If you don't laugh out loud after you read this you are in a coma! This is even funnier when you realize it's real! Next time you have a bad day at work think of this guy.

 Rob is a commercial saturation diver for Global Divers in Louisiana . He performs underwater repairs on offshore drilling rigs.

 Below is an E-mail he sent to his sister.. She then sent it to radio station 103.2 on FM dial in Ft. Wayne , Indiana , who was sponsoring a worst job experience contest.
           Needless to say, she won:


Hi Sue, Just another note from your bottom-dwelling brother..

Last week I had a bad day at the office. I know you've been feeling down lately at work, so I thought I would share my dilemma with you to make you realize it's not so bad after all.

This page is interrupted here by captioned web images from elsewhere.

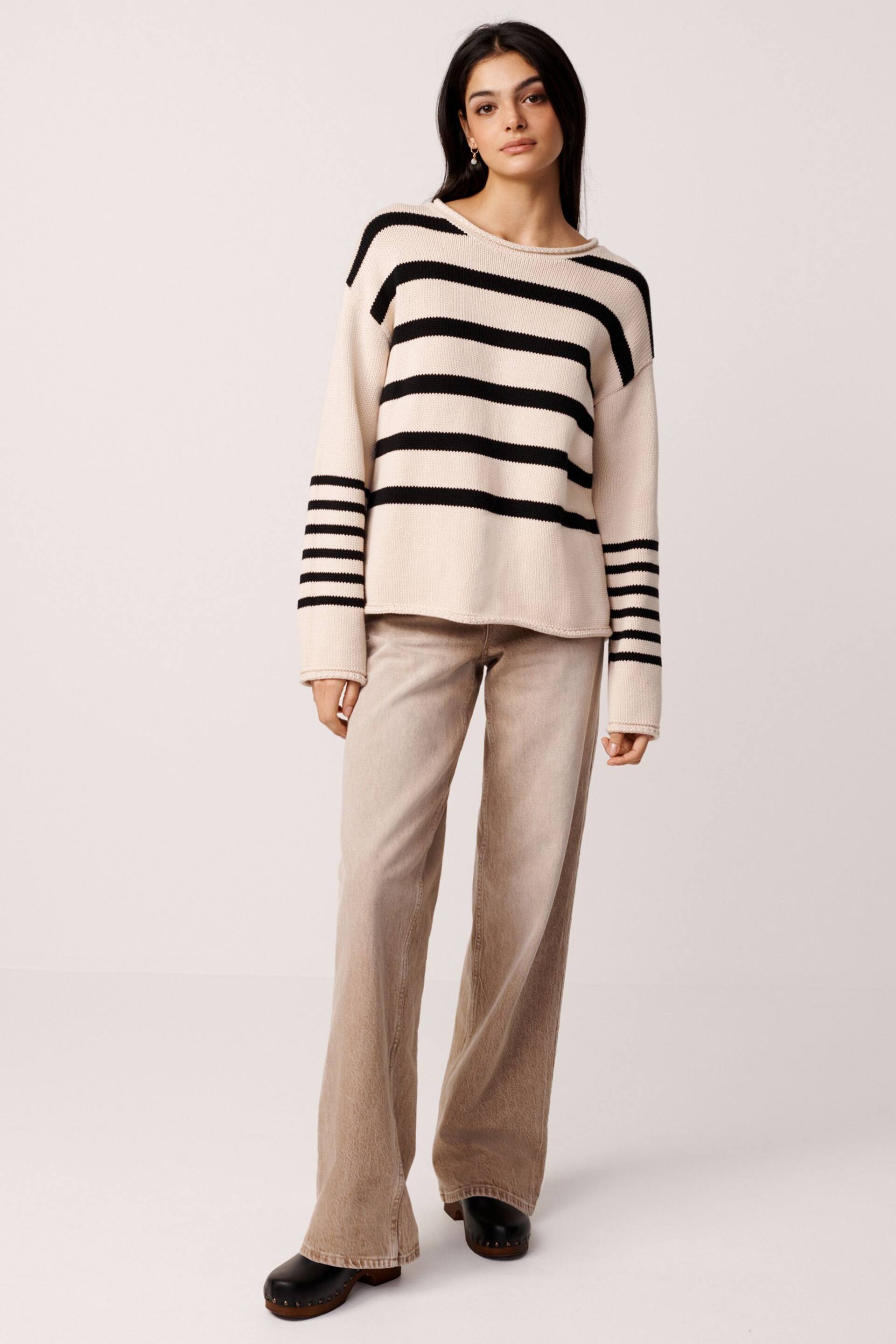 Neutral Brown 100% Cotton Stripe Jumper - Image 2 of 6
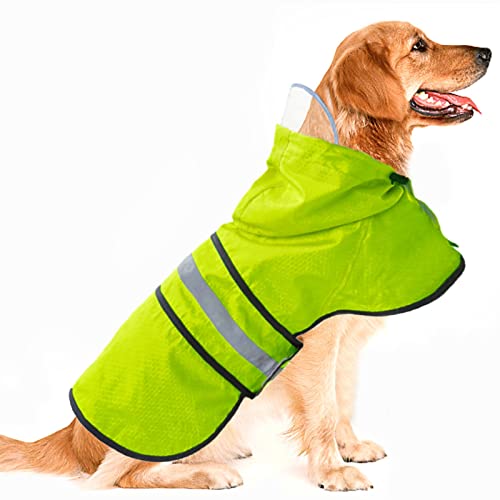 Hunde-Regenmantel, wasserdicht, reflektierend, Zupfstoff, leicht, atmungsaktiv, mit Kapuze, Regenmantel, mittelgroße und große Hunde (Größe XL, Grün) von Dadanfly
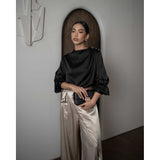 Mayoutfit Adorra Blouse | Blus Wanita Textured Silk Aksen Lipit Kancing Bahu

Before I can tell you what happened to me, I first must bore you with a few technicalities of my job.

As you know, my office lies at the bottom of the sea. I wear a suit to the office. It's a wet suit. This time of year the water is quite cool. So what we do to keep warm is this:
We have a diesel powered industrial water heater.

 This $20,000 piece of equipment sucks the water out of the sea. It heats it to a delightful temperature.

It then pumps it down to the diver through a garden hose, which is taped to the air hose. Now this sounds like a darn good plan, and I've used it several times with no complaints.

What I do, when I get to the bottom and start working, is take the hose and stuff it down the back of my wet suit. This floods my whole suit with warm water. It's like working in a Jacuzzi.

 Everything was going well until all of a sudden, my butt started to itch. So, of course, I scratched it. This only made things worse. Within a few seconds my butt started to burn.

I pulled the hose out from my back, but the damage was done..

 In agony I realized what had happened.

 The hot water machine had sucked up a jellyfish and pumped it into my suit. Now, since I don't have any hair on my back, the jellyfish couldn't stick to it However, the crack of my butt was not as fortunate.

When I scratched what I thought was an itch, I was actually grinding the jellyfish into the crack of my butt.

 I informed the dive supervisor of my dilemma over the communicator. His instructions were unclear due to the fact that he, along with five other divers, were all laughing hysterically.

Needless to say I aborted the dive. I was instructed to make three agonizing in-water decompression stops totaling thirty-five minutes before I could reach the surface to begin my chamber dry decompression. When I arrived at the surface, I was wearing nothing but my brass helmet.

As I climbed out of the water, the medic, with tears of laughter running down his face, handed me a tube of cream and told me to rub it on my butt as soon as I got in the chamber.

The cream put the fire out, but I couldn't poop for two days because my butt was swollen shut.

So, next time you're having a bad day at work, think about how much worse it would be if you had a jellyfish shoved up your butt.

 Now repeat to yourself, 'I love my job, I love my job, I love my job.'

 Now whenever you have a bad day, ask yourself, is this a jellyfish bad day?

  May you NEVER have a jellyfish bad day.